-------- RECORDS FOR PROCESSING --------

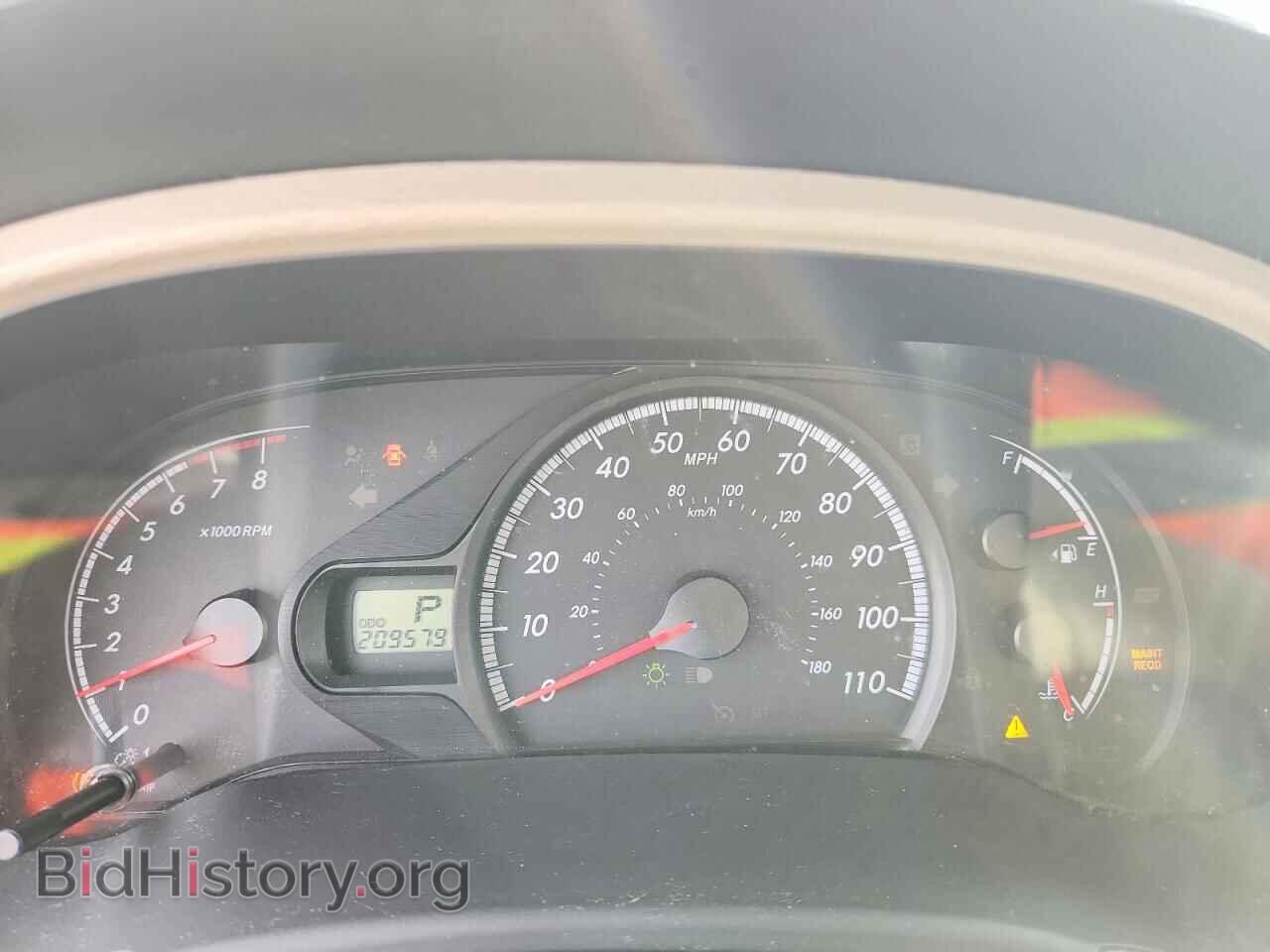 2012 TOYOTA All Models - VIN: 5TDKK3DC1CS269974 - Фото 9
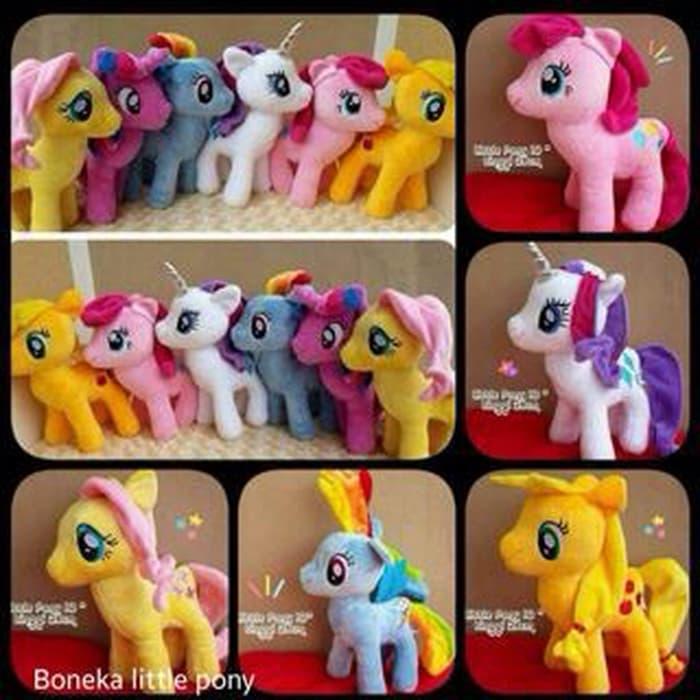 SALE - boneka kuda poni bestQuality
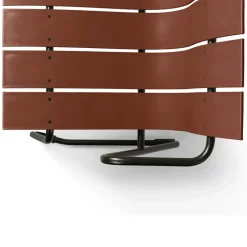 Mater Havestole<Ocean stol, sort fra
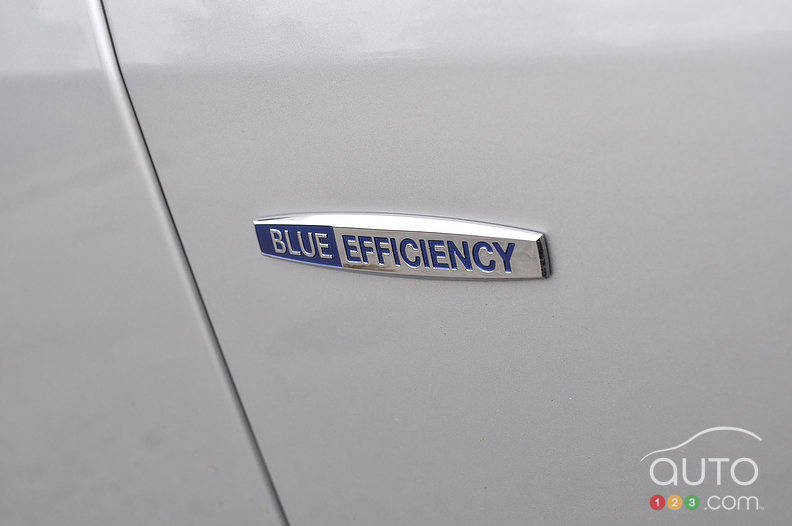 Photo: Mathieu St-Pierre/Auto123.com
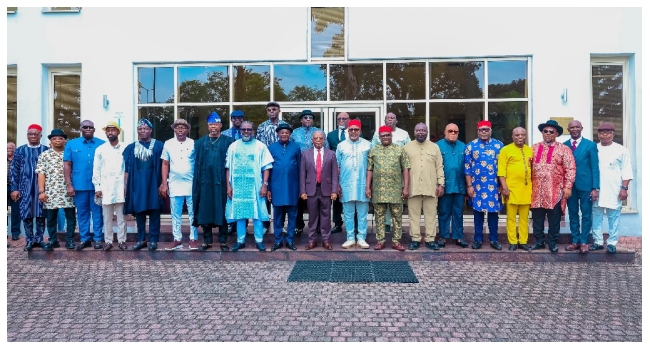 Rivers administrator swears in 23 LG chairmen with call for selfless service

--------
-------- RECORDS FOR PROCESSING --------

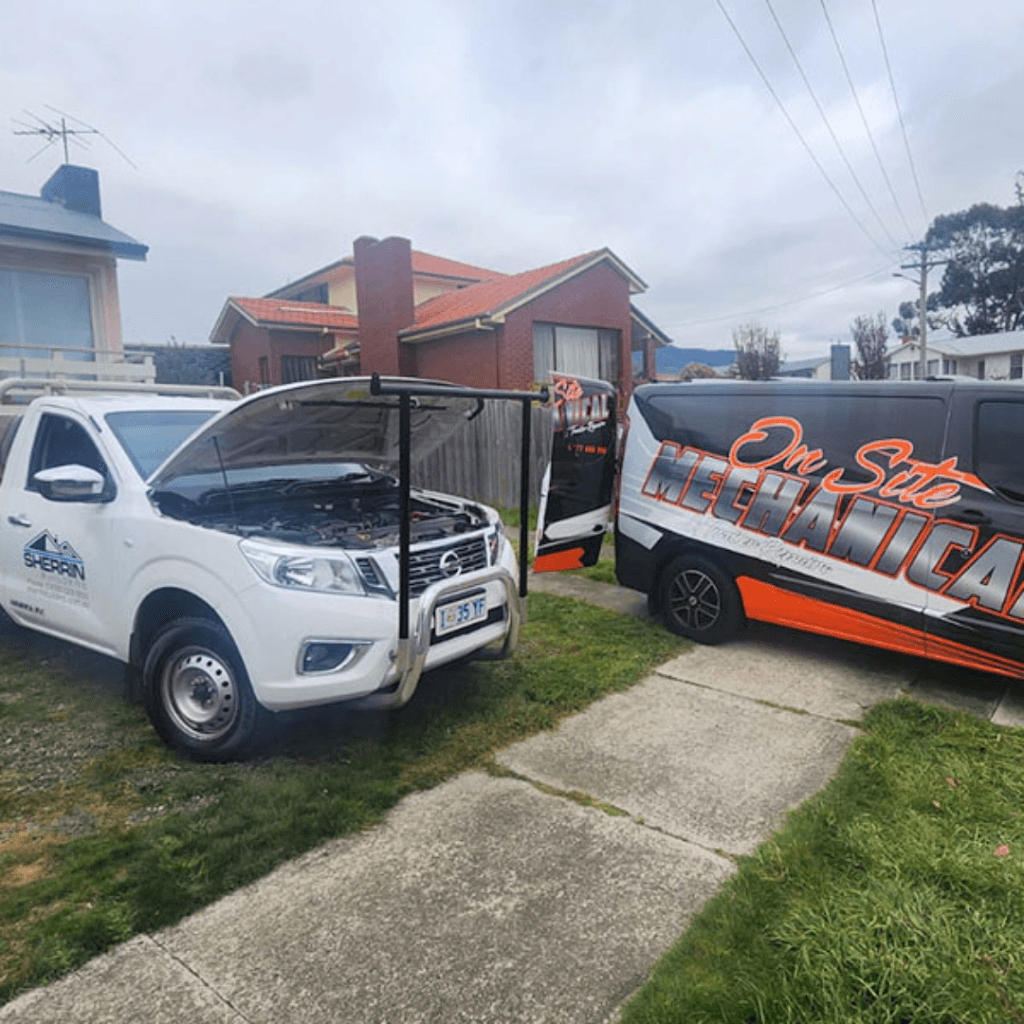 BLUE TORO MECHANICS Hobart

--------

What you return from the records above should be exactly everything from the line with "SALE - boneka kuda poni bestQuality" down to the line with "Rivers administrator swears", both kept, and no pictures.

▶ **EXERCISE ANSWER**:
 SALE - boneka kuda poni bestQuality
 Mater Havestole<Ocean stol, sort fra
 Photo: Mathieu St-Pierre/Auto123.com
 Rivers administrator swears in 23 LG chairmen with call for selfless service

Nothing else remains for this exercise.